> [Recorded data]:
※

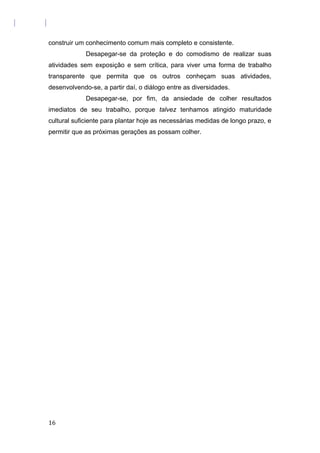 construir um conhecimento comum mais completo e consistente.
Desapegar-se da proteção e do comodismo de realizar suas
atividades sem exposição e sem crítica, para viver uma forma de trabalho
transparente que permita que os outros conheçam suas atividades,
desenvolvendo-se, a partir daí, o diálogo entre as diversidades.
Desapegar-se, por fim, da ansiedade de colher resultados
imediatos de seu trabalho, porque talvez tenhamos atingido maturidade
cultural suficiente para plantar hoje as necessárias medidas de longo prazo, e
permitir que as próximas gerações as possam colher.
16
 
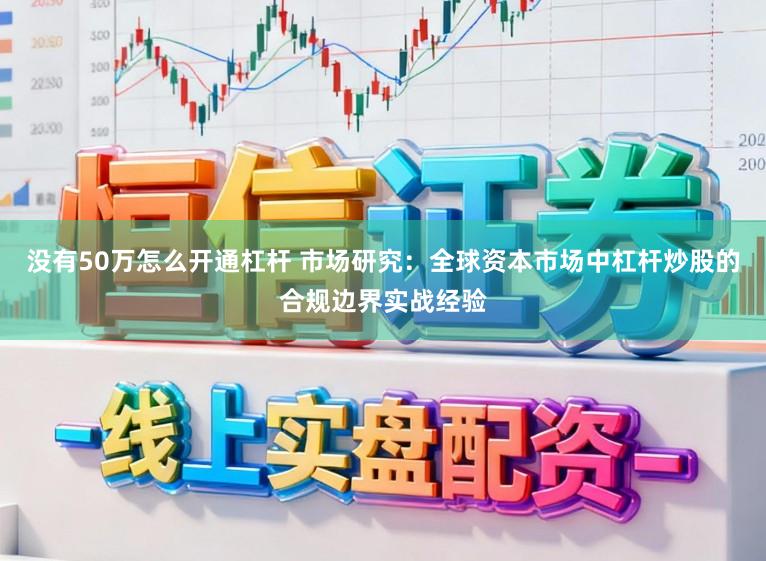 没有50万怎么开通杠杆 市场研究：全球资本市场中杠杆炒股的合规边界实战经验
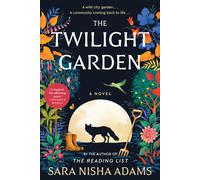 The Twilight Garden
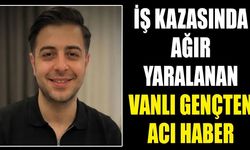 İş kazasında ağır yaralanan Vanlı gençten acı haber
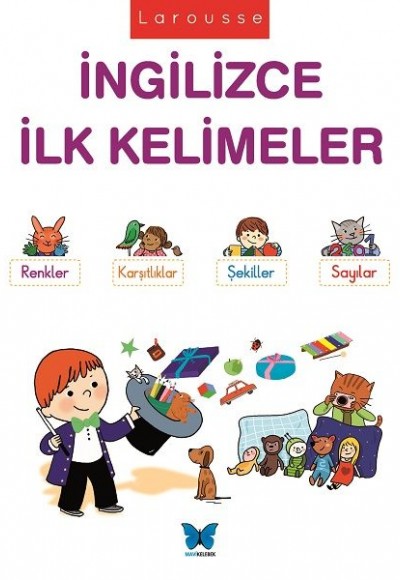 Larousse - İngilizce İlk Kelimeler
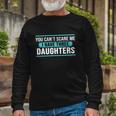 You Cant Scare Me I Have Three Daughters Tshirt Long Sleeve T-Shirt Gifts for Old Men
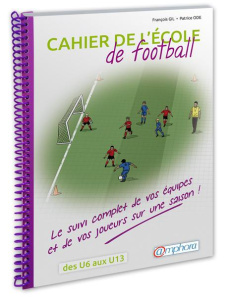 Cahier de l'école de football - Gil François ; Ode Patrice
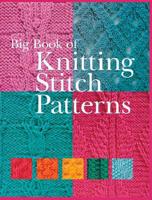 The Big Book of Knitting Stitch Patterns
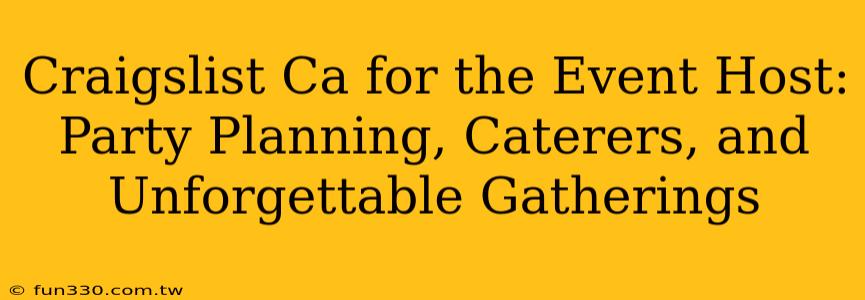 Craigslist Ca for the Event Host: Party Planning, Caterers, and Unforgettable Gatherings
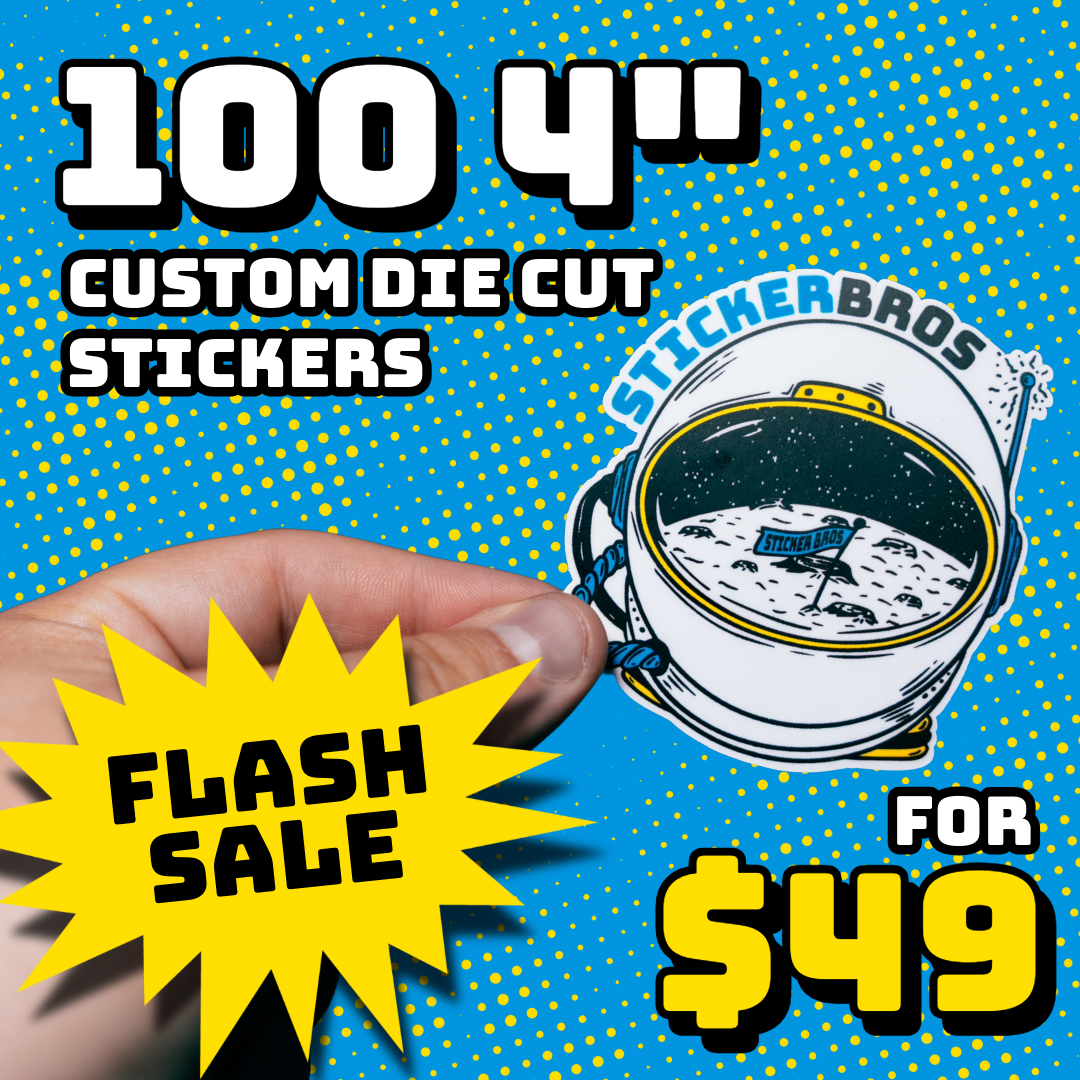 FLASH SALE - 100 4" Custom Stickers for $49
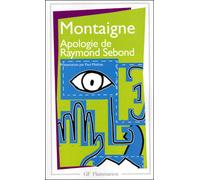 Michel de Montaigne – Apologie de Raymond Sebond – Flammarion – Livre
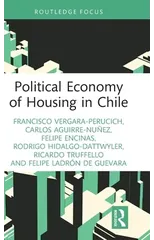 Political Economy of Housing in Chile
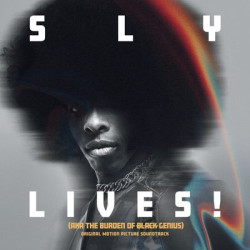 Виниловая пластинка Sly &amp; The Family Stone - SLY LIVES! (aka The Burden of Black Genius) Original Motion Picture Soundtrack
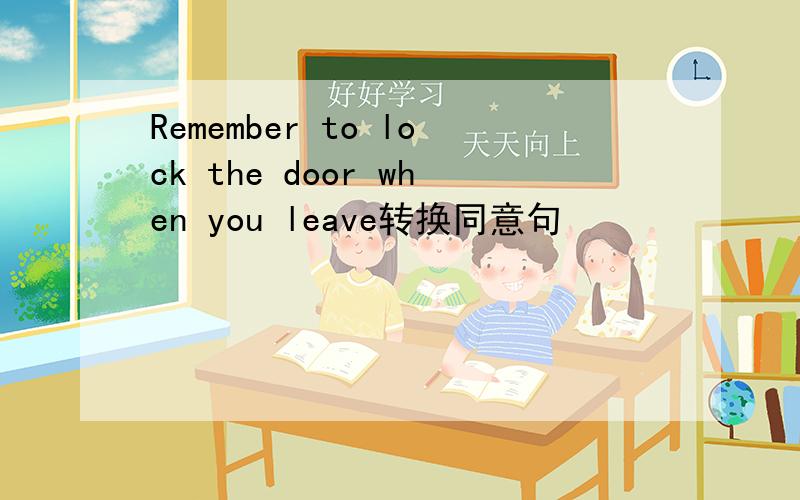 Remember to lock the door when you leave转换同意句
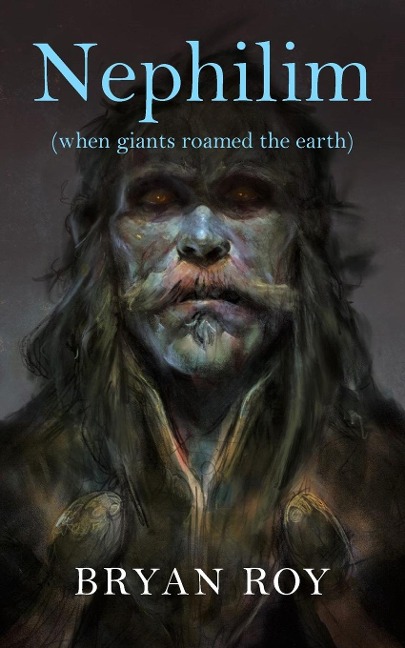 Nephilim: when giants roamed the earth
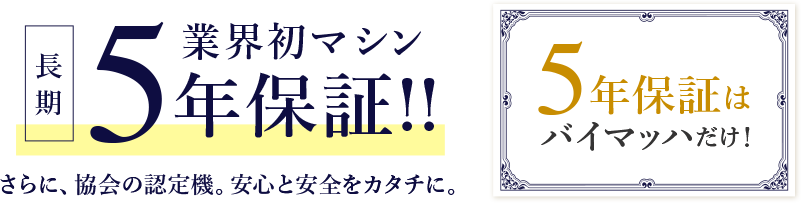 長期業界初マシン5年保証！さらに、協会認定機。安心と安全をカタチに。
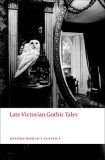 Late Victorian Gothic Tales - Oxford University Press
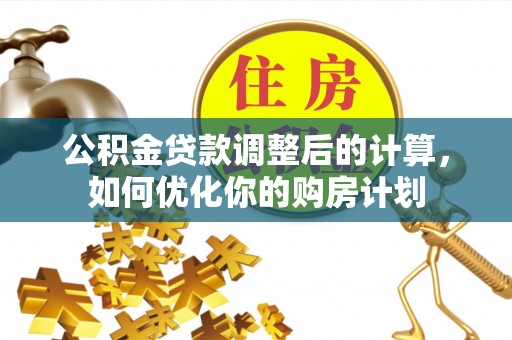 泗县公积金贷款调整后的计算，如何优化你的购房计划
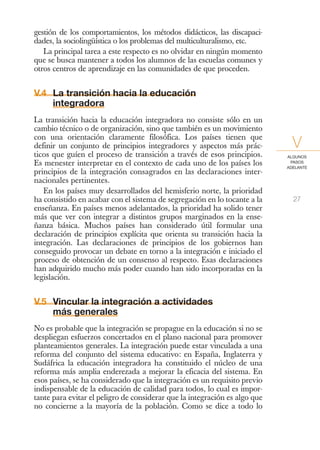 gestión de los comportamientos, los métodos didácticos, las discapaci-
dades, la sociolingüística o los problemas del multiculturalismo, etc.
   La principal tarea a este respecto es no olvidar en ningún momento
que se busca mantener a todos los alumnos de las escuelas comunes y
otros centros de aprendizaje en las comunidades de que proceden.


V.4 La transición hacia la educación
    integradora
La transición hacia la educación integradora no consiste sólo en un
cambio técnico o de organización, sino que también es un movimiento
con una orientación claramente filosófica. Los países tienen que
definir un conjunto de principios integradores y aspectos más prác-           V
ticos que guíen el proceso de transición a través de esos principios.       ALGUNOS
Es menester interpretar en el contexto de cada uno de los países los         PASOS
                                                                            ADELANTE
principios de la integración consagrados en las declaraciones inter-
nacionales pertinentes.
   En los países muy desarrollados del hemisferio norte, la prioridad
ha consistido en acabar con el sistema de segregación en lo tocante a la      27
enseñanza. En países menos adelantados, la prioridad ha solido tener
más que ver con integrar a distintos grupos marginados en la ense-
ñanza básica. Muchos países han considerado útil formular una
declaración de principios explícita que orienta su transición hacia la
integración. Las declaraciones de principios de los gobiernos han
conseguido provocar un debate en torno a la integración e iniciado el
proceso de obtención de un consenso al respecto. Esas declaraciones
han adquirido mucho más poder cuando han sido incorporadas en la
legislación.


V.5 Vincular la integración a actividades
    más generales
No es probable que la integración se propague en la educación si no se
despliegan esfuerzos concertados en el plano nacional para promover
planteamientos generales. La integración puede estar vinculada a una
reforma del conjunto del sistema educativo: en España, Inglaterra y
Sudáfrica la educación integradora ha constituido el núcleo de una
reforma más amplia enderezada a mejorar la eficacia del sistema. En
esos países, se ha considerado que la integración es un requisito previo
indispensable de la educación de calidad para todos, lo cual es impor-
tante para evitar el peligro de considerar que la integración es algo que
no concierne a la mayoría de la población. Como se dice a todo lo
 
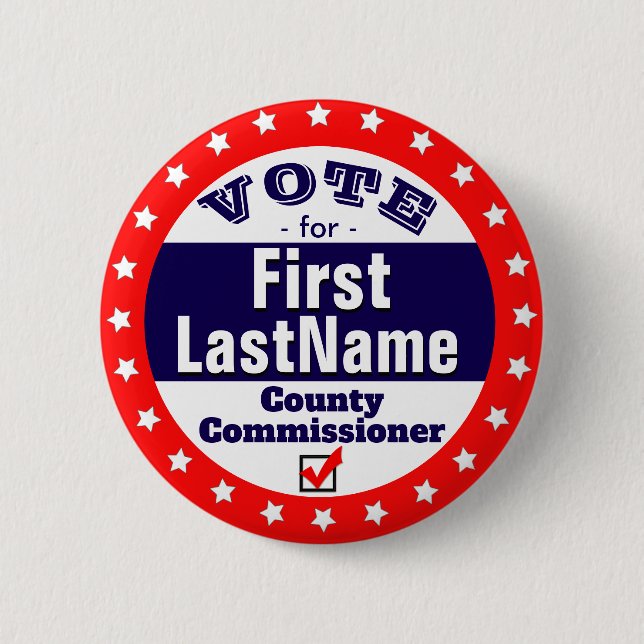 Custom Campaign County Commissioner Button (Front)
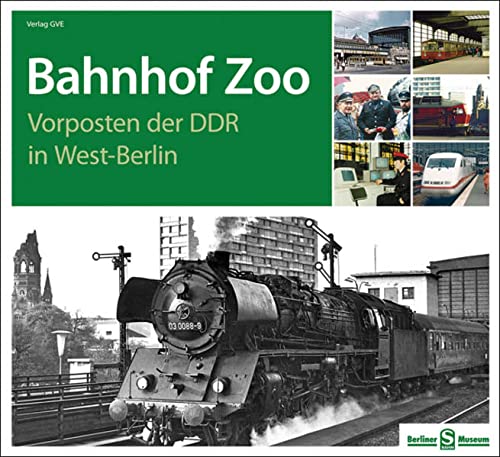 Stock image for Bahnhof Zoo. Vorposten der DDR in West-Berlin. for sale by Antiquariat Bcherkeller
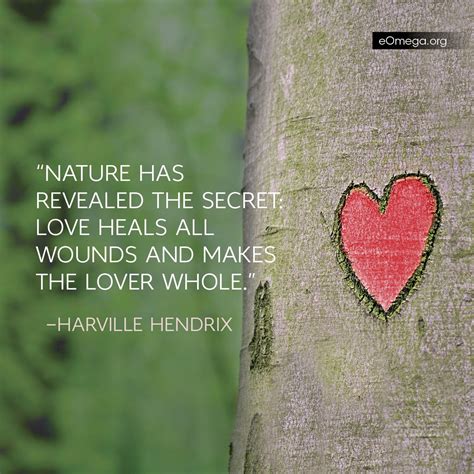 "Nature has revealed the secret. Love heals all wounds and makes the lover whole."—Harville ...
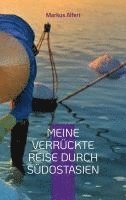 Markus Alferi - Meine verrückte Reise durch Südostasien, Häftad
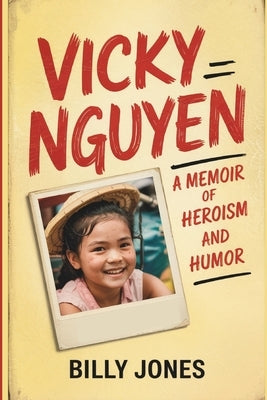 Vicky Nguyen - A Memoir of Heroism and Humor: From the Tales of the Boat Baby Experience to the Heights of Greatness by Jones, Billy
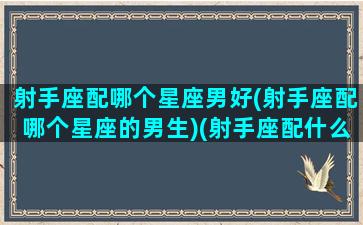 射手座配哪个星座男好(射手座配哪个星座的男生)(射手座配什么星座男)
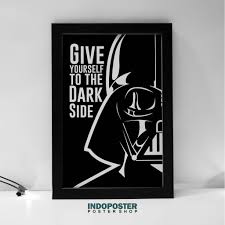 Pada postingan kali ini akan disajikan 100 quotes bahasa indonesia yang dirangkum dari berbagai sumber. Poster Hiasan Dinding Film Star Wars Darth Vader Quotes Dark Side 12rp 45x30cm Shopee Indonesia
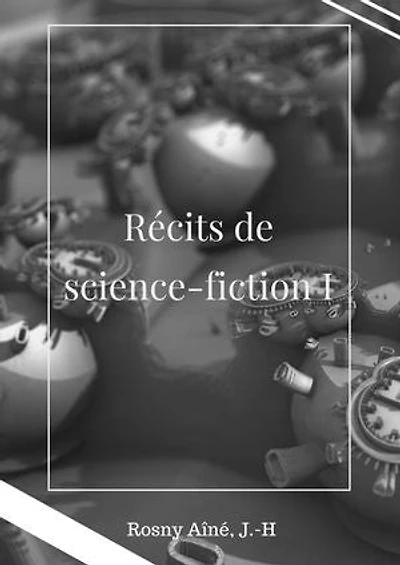 Récits de science-fiction I
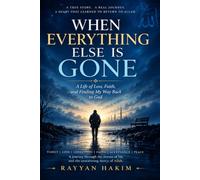 WHEN EVERYTHING ELSE IS GONE: A Life of Loss, Faith, and Finding My Way Back to God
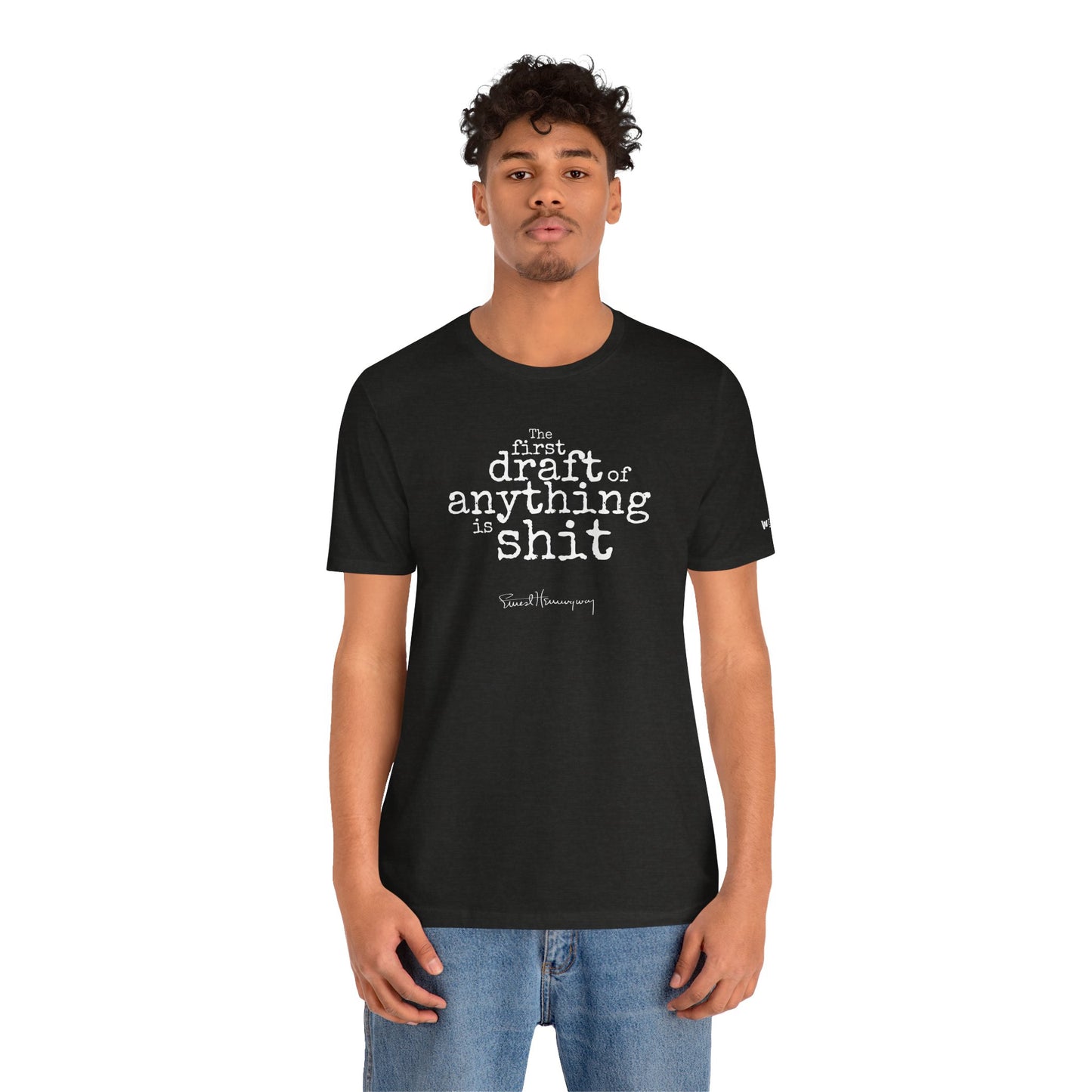 Ernest Hemingway "First Draft of Anything" Quote Unisex T-Shirt - Stacked Design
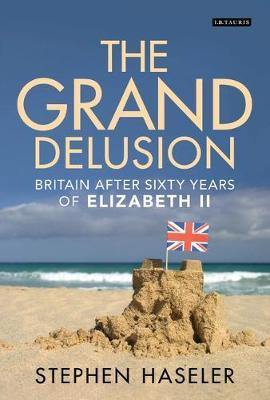 The Grand Delusion: Britain After Sixty Years of Elizabeth II - Agenda Bookshop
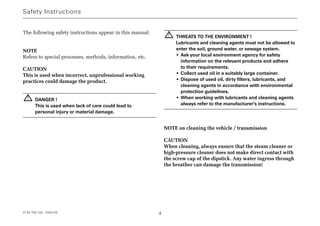 The following safety instructions appear in this manual:
NOTE
Refers to special processes, methods, information, etc.
CAUTION
This is used when incorrect, unprofessional working
practices could damage the product.
DANGER !
This is used when lack of care could lead to
personal injury or material damage.
THREATS TO THE ENVIRONMENT !
Lubricants and cleaning agents must not be allowed to
enter the soil, ground water, or sewage system.
• Ask your local environment agency for safety
information on the relevant products and adhere
to their requirements.
• Collect used oil in a suitably large container.
• Dispose of used oil, dirty filters, lubricants, and
cleaning agents in accordance with environmental
protection guidelines.
• When working with lubricants and cleaning agents
always refer to the manufacturer's instructions.
NOTE on cleaning the vehicle / transmission
CAUTION
When cleaning, always ensure that the steam cleaner or
high-pressure cleaner does not make direct contact with
the screw cap of the dipstick. Any water ingress through
the breather can damage the transmission!
!
!
Safety Instructions
4139 758 103 - 2004-09 4
 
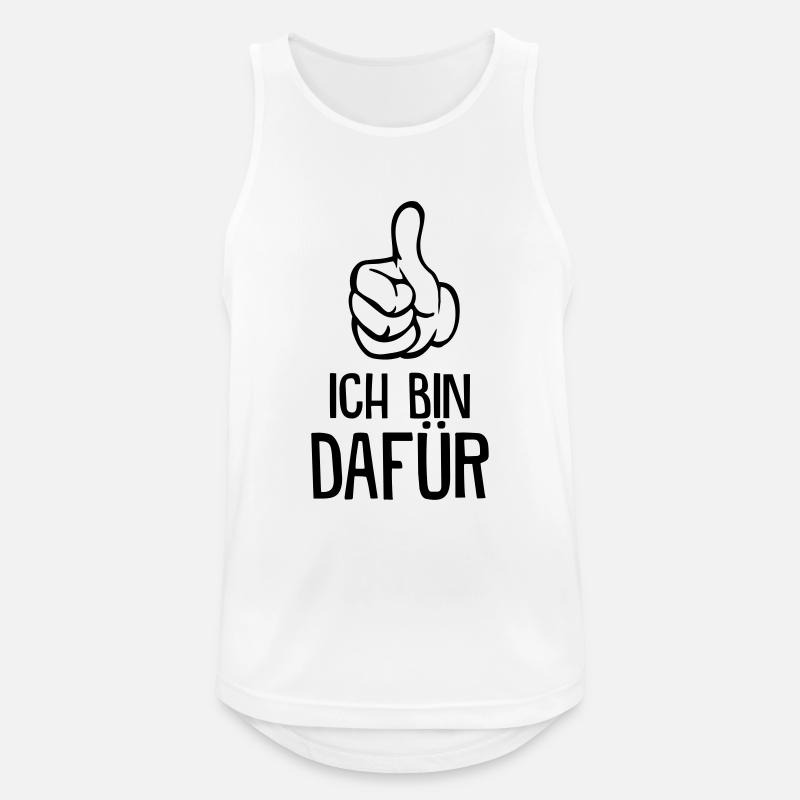 Ich bin dafür! - Männer Tank Top atmungsaktiv - Weiß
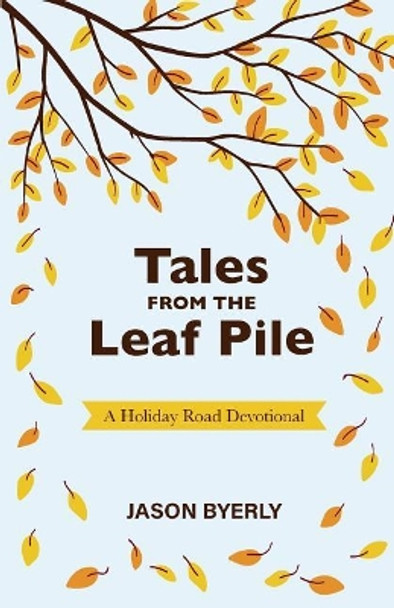 Tales from the Leaf Pile: A Holiday Road Devotional by Jason Byerly 9780692960905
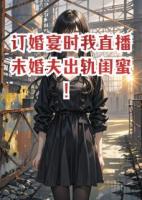 订婚宴时我直播未婚夫出轨闺蜜！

※

> [What you should do]: An exact transcription is needed of the lines from the one with "imediatos de seu" to the one with "Larousse - İngilizce İlk Kelimeler" above, both ends included, with pictures left out.

> [Written solution]:
imediatos de seu trabalho, porque talvez tenhamos atingido maturidade
cultural suficiente para plantar hoje as necessárias medidas de longo prazo, e
permitir que as próximas gerações as possam colher.
16
 
 没有50万怎么开通杠杆 市场研究：全球资本市场中杠杆炒股的合规边界实战经验
 The Twilight Garden
 İş kazasında ağır yaralanan Vanlı gençten acı haber
 Larousse - İngilizce İlk Kelimeler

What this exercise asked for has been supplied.